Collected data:
Start of Block
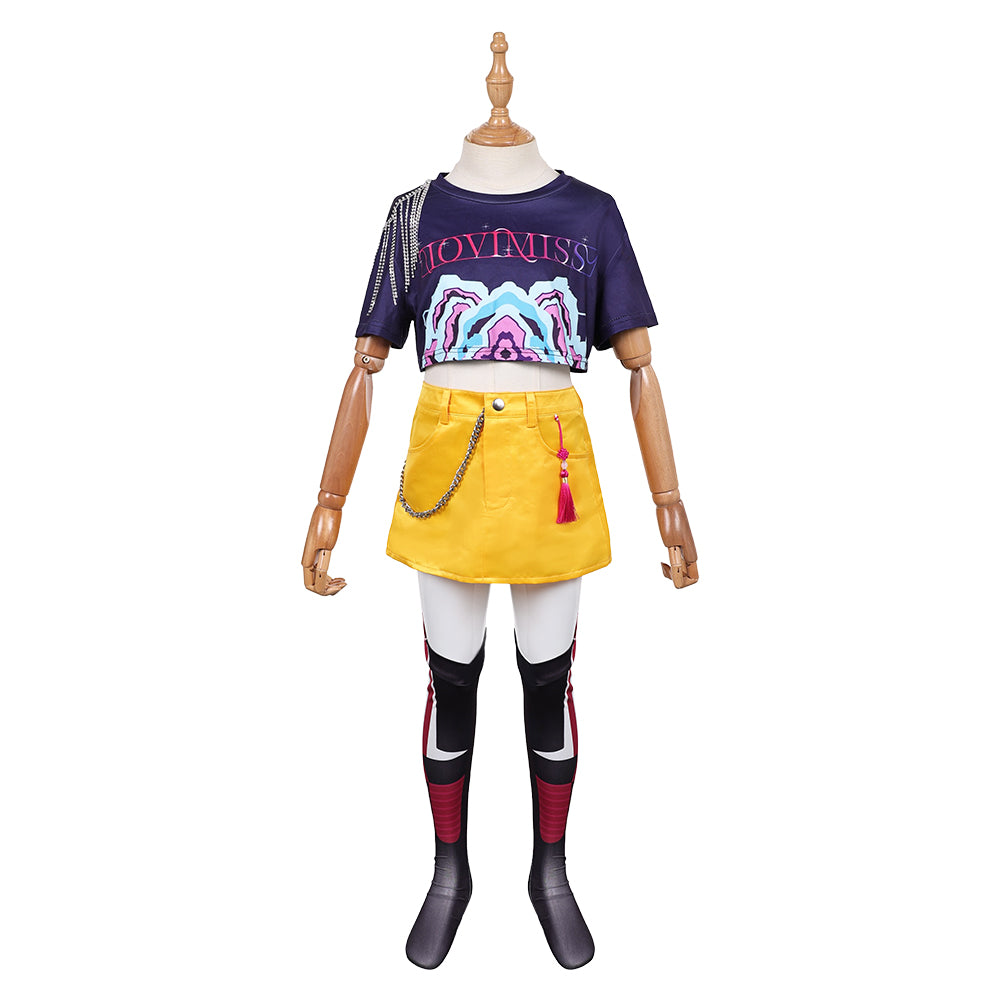 Enfant KPop Demon Hunters(2025) Mira Tenue Bleue et Jaune Cosplay Costume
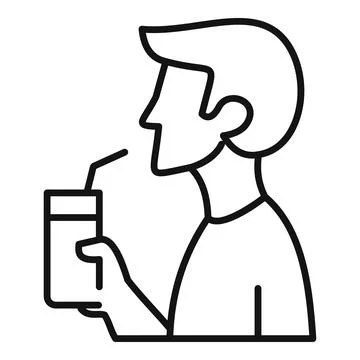 Man drinking beverage with straw in profile icon Stock-Illustration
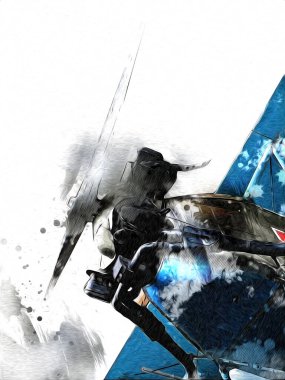 Beyaz arka planda izole edilmiş eski bir savaş uçağı.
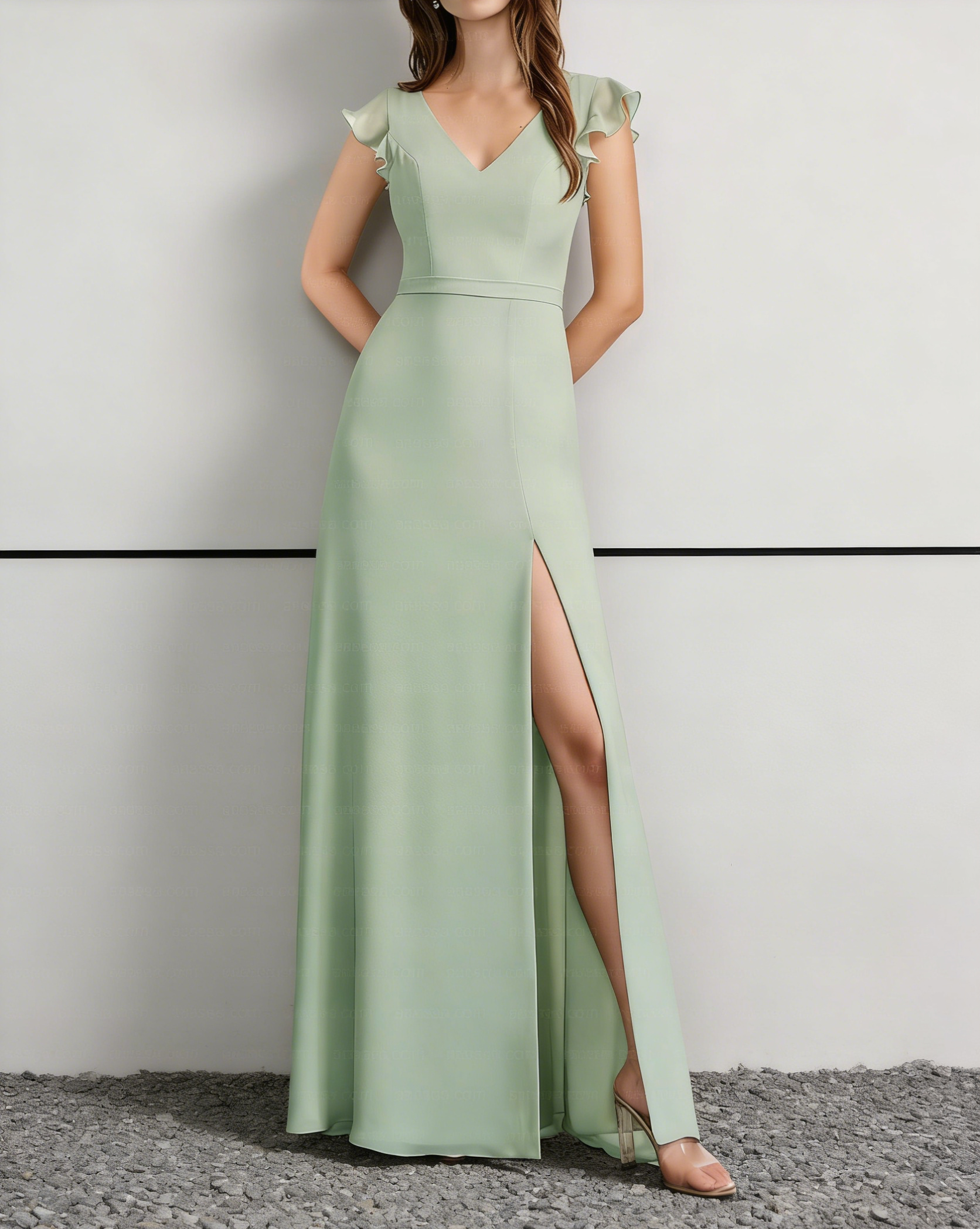 Sage Green Chiffon V-Neck Maxi Dress with Flutter Sleeves & Cutout Back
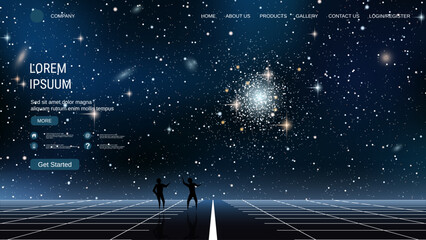 Wall Mural - modern trendy landing page vector design template. deep space background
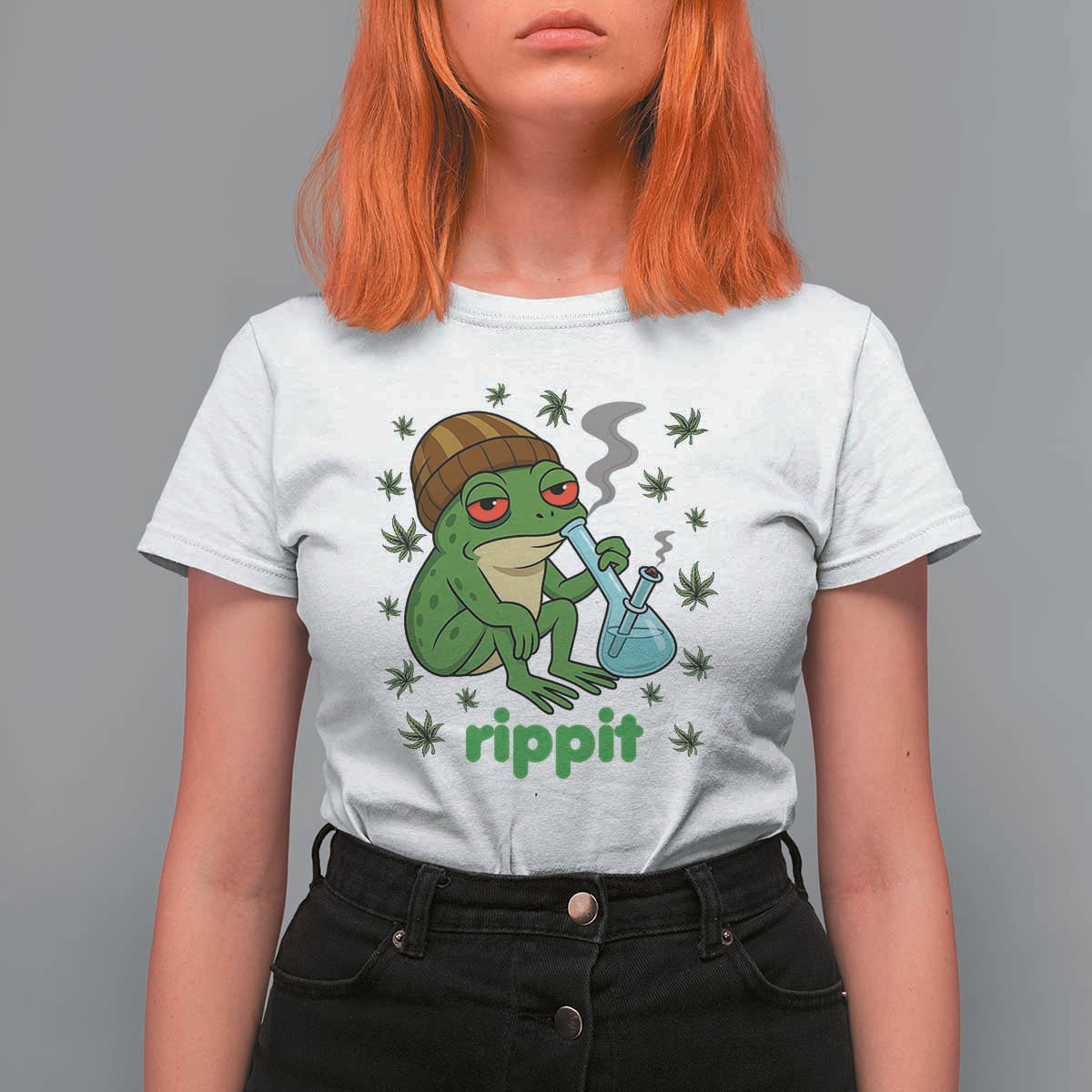 Rippit Frog T Shirt For Women Funny 420 Stoner Weed Humor - Wonder Print Shop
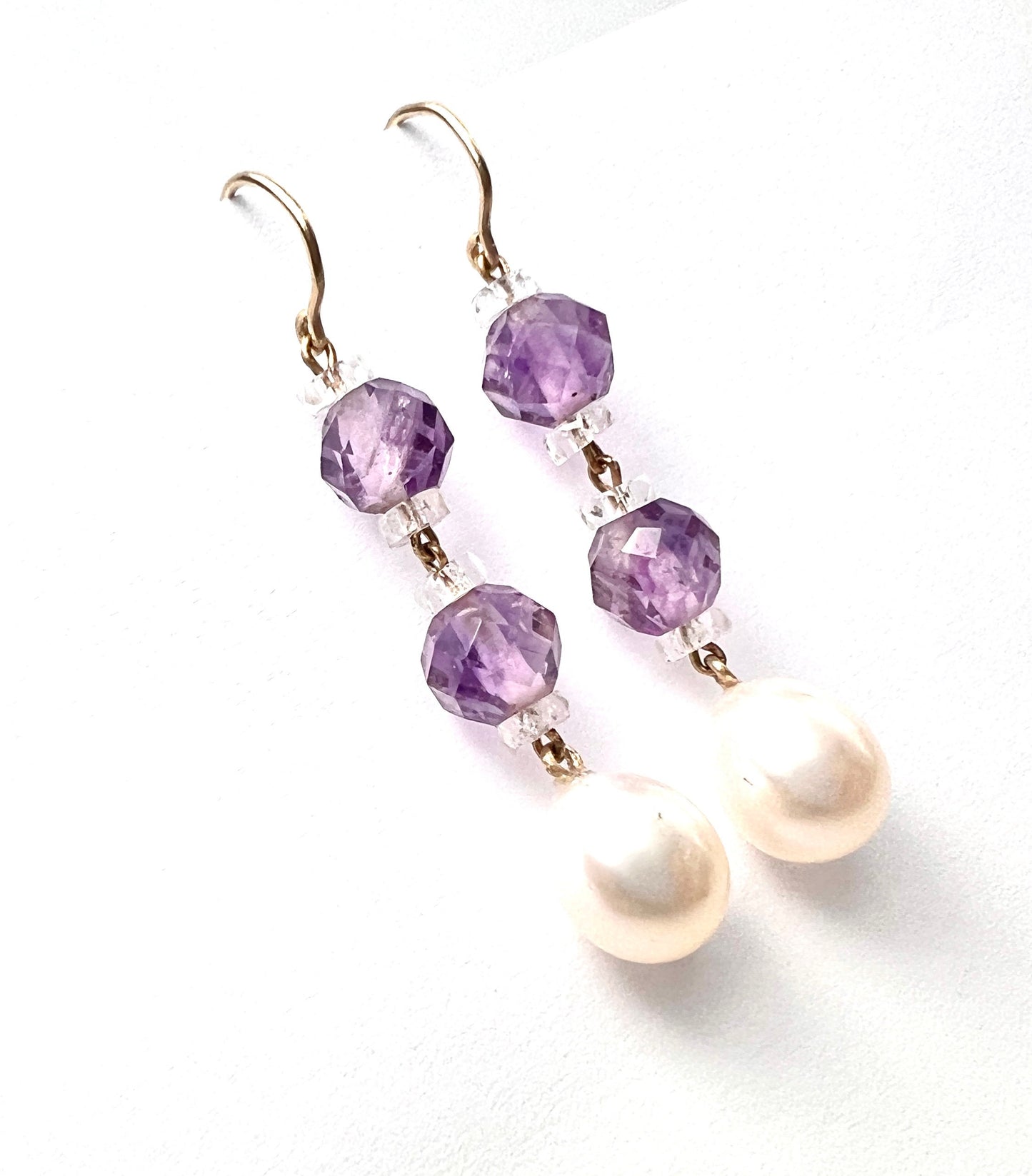 Edwardian Amethyst and Crystal Bead Pearl Drop Earrings in 9CT Gold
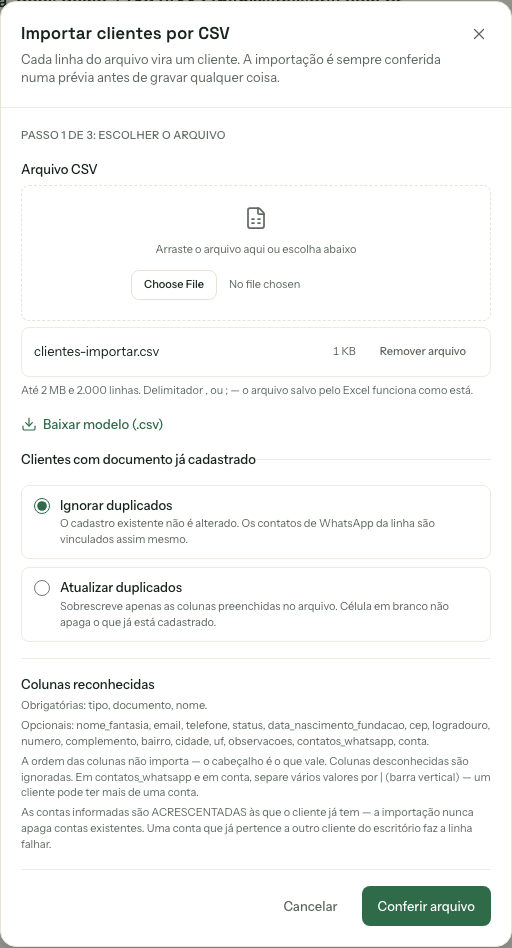 Modal de importação com o arquivo CSV selecionado e as opções Ignorar duplicados ou Atualizar duplicados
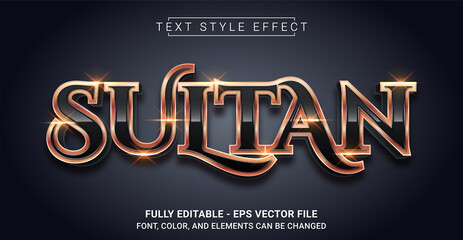 Sultan Text Style Effect. Editable Graphic Text Template. - obrazy, fototapety, plakaty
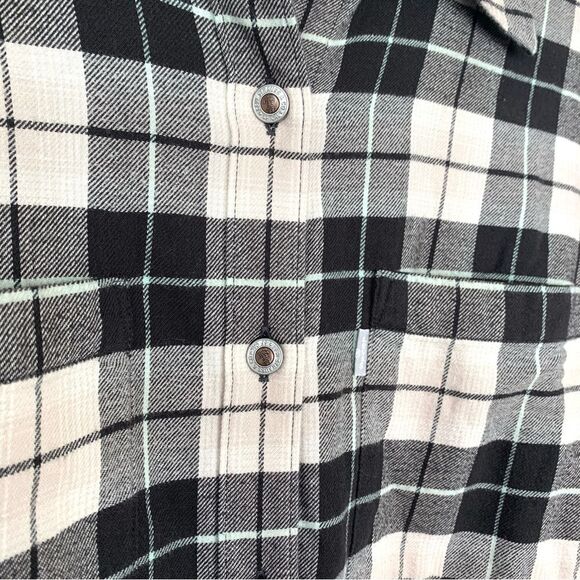 Levi’s SilverTab Oversized Boyfriend Black Beige Plaid Flannel NWT - Picture 3 of 8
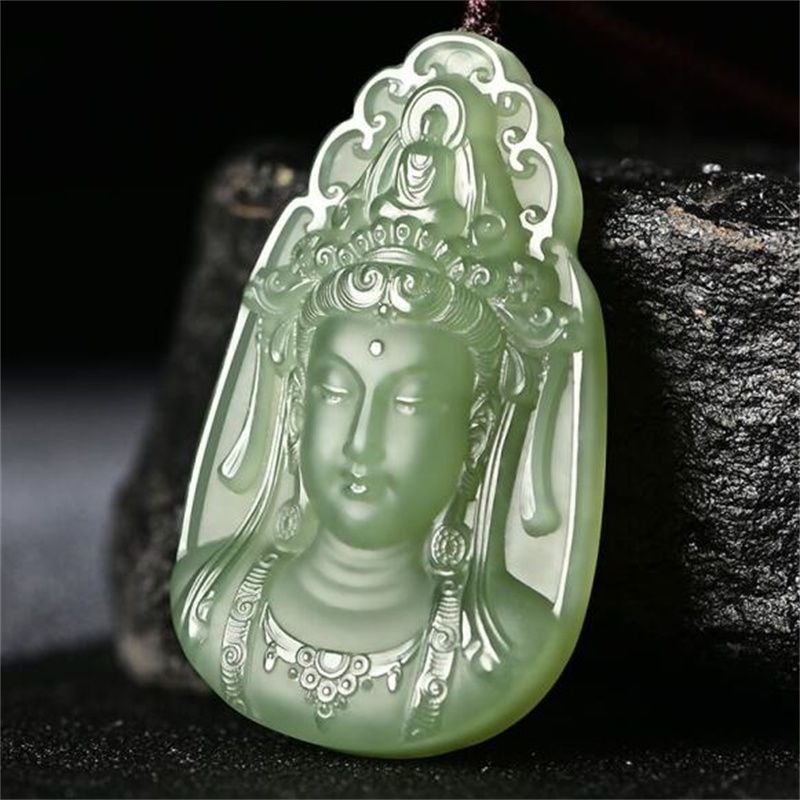 Ngọc Guanyin Mặt Dây Chuyền Nam Xanh Trắng Ngọc Đứng Guanyin Ngọc Thương Hiệu Nam Nữ Ngọc Ánh Sáng Xanh Hồ Ngọc Xanh Mặt Dây Chuyền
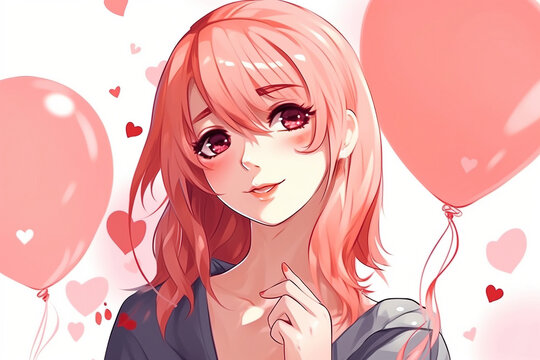 Cute smiling anime girl. AI generated image.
End of Block
#### ASSIGNMENT
Repeat exactly, and only, the entries from the line with "Rippit Frog T" through the line with "Sultan Text Style". Pictures are skipped.

#### RESPONSE
 Rippit Frog T Shirt For Women Funny 420 Stoner Weed Humor - Wonder Print Shop
 Edwardian Amethyst and Crystal Bead Pearl Drop Earrings in 9CT Gold
 Modal de importação com o arquivo CSV selecionado e as opções Ignorar duplicados ou Atualizar duplicados
 Sultan Text Style Effect. Editable Graphic Text Template. - obrazy, fototapety, plakaty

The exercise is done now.